Wednesday, 13 April 2011

Line and Column Numbers in an XML DOM Document.

If an application reads data from XML configuration files, it can be useful to give the filename, line number and column if a problem data is found with the data.

You might expect all XML parsers to provide access to this sort of information as a matter of course.  The standard SAX parser does (as we will see), but the DOM parser does not, unless the XML actually fails to parse.  The standard DOM parser probably uses a SAX parser under the hood, but the API denies us access to it.
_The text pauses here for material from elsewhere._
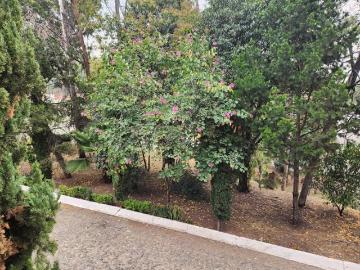 Hermosa Casa en Venta Recien Remodelada en Privilegiado Fraccionamiento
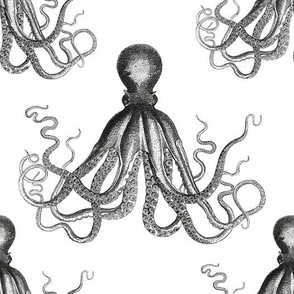 Vintage Octopus Pattern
Switching from DOM to SAX is a high price to pay to make your error reporting better.  Beside, you may need to use DOM tools such as XSLT.  You could switch to using a thirdy party parser, access the underlying SAX parser in some sneaky non-standard and unsupported way, or you can just use the following trick.

Use the java.xml.transform API.

The great thing about the XSL Transformation API is that it will use a number of different types of input sources and output destinations.  Possible options are:
  • input and output streams
  • files
  • SAX parser input sources
  • DOM fragments and documents
  • JAXB object models

So we can read XML using a SAX parser and get a resulting DOM.

In our case we don't actually want to apply an XSL transformation.  However, the API will provide us with a Transformer that just copies to the output form without altering the data.  So here we have a tool that can convert XML from one form to another. The following examples converts XML from a file into a DOM and back.

Reading an XML file into a DOM:
    TransformerFactory transformerFactory
            = TransformerFactory.newInstance();
    // Do not share transformers between threads
    Transformer nullTransformer = transformerFactory.newTransformer();

    Source fileSource = new StreamSource(new File("input.xml"));
    DOMResult domResult = new DOMResult();
    nullTransformer.transform(fileSource, domResult);

    Document dom = (Document) domResult.getNode();
Writing an XML DOM to a file:
    Source domSource = new DOMSource(dom);
    Result fileResult = new StreamResult(new File("output.xml"));
    nullTransformer.transform(domSource, fileResult);

So how do we obtain the line number information for DOM nodes?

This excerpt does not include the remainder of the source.